In light of the mentioned issues, we provide the following contributions.
Contributions We propose an accurate scheme to generate unique identifications of the links connecting PLC nodes. The proposed CSI-based method improves the estimation error of the CIR under imperfect channel conditions allowing an accurate identification. The results indicate that for the noise power range between 80 dBuV and 90 dBuV, a path detection gain of more than 80 % can be observed with respect to a state-of-the-art competing solution. For noise levels below 80 dBuV our solution provides 100 % accuracy. To the best of our knowledge, this is the first work in the literature that treats the PLC channel estimation error to provide an accurate physical layer identification scheme.
Paper Organization The sequel of the paper is organized as follows. Section 2 presents the related work. The PLC channel characteristics and modeling are detailed in Section 3. Section 4 describes the proposed power line (PL) identification scheme under imperfect CSI. In Section 5, we present the simulation’s results and discussion. Finally, conclusions are drawn in Section 6.

2. Related Work

Critical grid infrastructure elements, because of their geographical spread and their ongoing transformation due to automation and digitalization, are naturally exposed to physical, cyber, and human attacks [10]. IDPSs (Intrusion detection and prevention systems) combine general security mechanisms developed for cyber-physical systems (CPS) with those specific for each industry. The authors of [11] analyze and classify 37 smart grid IDPS by detection technique, offering a broad idea of the vast ecosystem of currently available solutions. Some applications rely on PLC simply as a communication means, such as smart metering [12,13,14], energy loss detection [15,16,17], topology estimations [18], or grid management [19,20]. Others take advantage of the sensing capabilities of the PLC communication signal to obtain real-time information of the power grid itself. PLC signal-based network diagnosis is widely used to detect non-technical losses [21,22], anomalies in the grid [23,24,25], or even as input for a Machine-Learning-based intrusion detection system [26]. Given its importance for utilities, topology recognition is one of the most researched topics, with a wide range of techniques available.
The remainder of this section summarizes the PLC signal-based existing solutions classified by the processing domain on which they operate.

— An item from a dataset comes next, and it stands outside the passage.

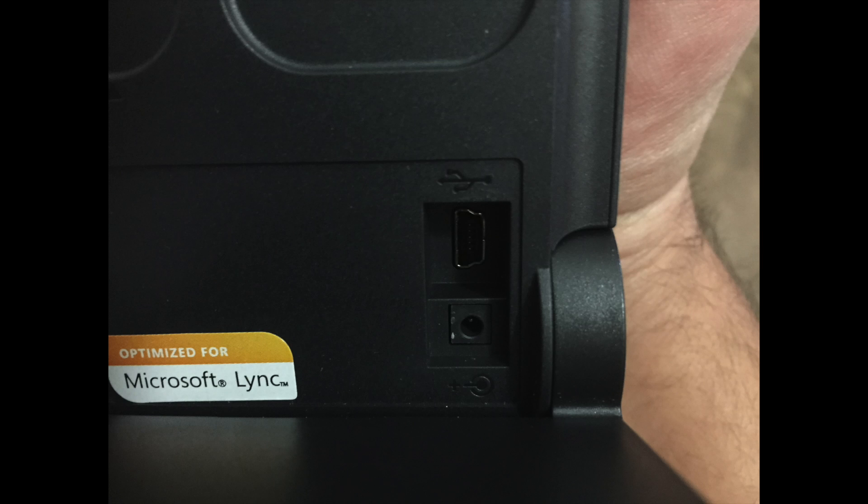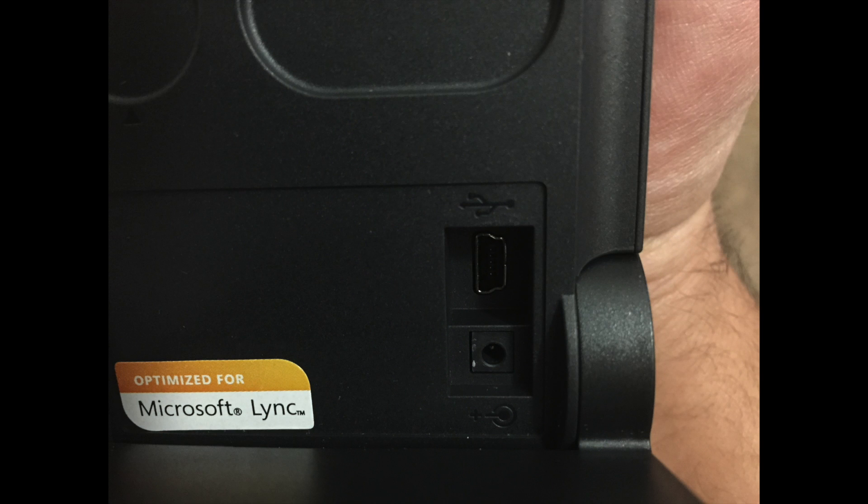So it's worth the money. It's fairly expensive, but since it's a business expense, it's priced about where you would think it would be priced. I highly recommend the Jabra Pro 935. The sound quality is excellent. If you'd like to buy one, there's a link in the description below. Thank you for watching Tech Nuba.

The analysis has been limited to non-machine-learning-based approaches.
  • Time-Domain Solutions: In [27,28], a single-point reflectometry technique has been proposed for grid diagnosis in the automotive sector. The implementation uses a signal bandwidth from 300 MHz to 500 MHz, but it is intended only for short cables [29] and does not consider the impact of impulsive noise. Another technique has been proposed in [30] for low voltage (LV) topology estimations, using a signal ToA (Time of Arrival) two-way handshake. The solution requires a device at every endpoint [31], which presents a limitation of this work. In [32], a multi-point reflectometry with order statistics–constant false alarm rate (OS-CFAR) detector [33] has been proposed for general topology estimation, assuming that the PLC noise follows a Gaussian distribution. In addition, it requires reflection measurements at multiple cable ends and should determine all possible graphs for each iteration, which significantly increases the algorithm complexity. The authors of [34] define a topology identification method for indoor PLC. The solution employs the ToA of signals but does not consider the effect of imperfect CSI and impulsive noise. The work in [6] introduces a one-level CIR quantization solution for physical layer key generation, but it does not account for the negative impact of the channel estimation errors and, in some cases, might suffer from the obvious low entropy given by the infrequent changes in power line topology. In [35], a power line noise-based key generation has been proposed for pairing and authenticating IoT devices. The technique is based on contextual pairing and, therefore, has the drawback of not effectively rejecting malicious devices with access to the local power line. A single-point-reflectometry-based non-parametric method has been proposed in [36]. This technique uses the inverse Fourier transform of frequency domain (FDR) measurements for topology estimation in LV environments. As mentioned by the authors, single-point reflectometry systems are limited by the power line lengths, the number of branches, and the time-frequency uncertainty.
  • Frequency-Domain Solutions: The authors of [6] propose a key generation technique based on the transmission matrix estimation requiring the exchange of the channel input impedance values between devices. In [37,38], the authors present different PLS key generation techniques using the channel frequency response (CFR). The assumptions of a perfect CSI and a high CFR symmetry present a limitation to these techniques. An EMI-based PLS key generation has been proposed in [39]. It is designed for systems where the devices are close enough to observe the same noise patterns. In [36,40], single-point reflectometry is used for LV topology estimation, and grid diagnostics. The required measurements are limited by distance, and by the number of branches due to the attenuation of signals [29]. In addition, computational complexity increases exponentially with the number of measured reflections [30,31].
  • Time-Frequency-Domain Solutions: Topology estimation, PLC routing, and grid diagnosis applications are covered in [29,41] using a combination of signal arrival times but excluding the impact of impulsive noise. Single-point reflectometry is used in [31], where a node-by-node greedy algorithm is used for topology reconstruction and impulsive noises are used for dynamic re-estimations of the topology. The authors of [42] present end-to-end sensing and reflectometry algorithms to capture the topology of the power networks, as well as to monitor load changes, cable degradation, and faults. In addition to detecting and locating faults, the proposed solution classifies the anomalies between load impedance changes and local/distributed faults. A continuation of the previous work can be found in [25] with solutions employing single-point and multi-point reflectometry for grid diagnostics. The proposed techniques are not considering the impact of the channel estimation errors on the grid diagnostics accuracy.
In Table 1, we present a summary of all reviewed PLC signal-based solutions categorized by technique, application, and environment. The focus of this paper will revolve from this point onwards around the time domain, as path delays are the only reciprocal parameter available in PLC.
To the best of our knowledge, despite the considerable work performed in the areas of security, IDPS, and extended uses of PLC smart meters, no solutions propose a method to improve PLC channel estimation errors under imperfect channels.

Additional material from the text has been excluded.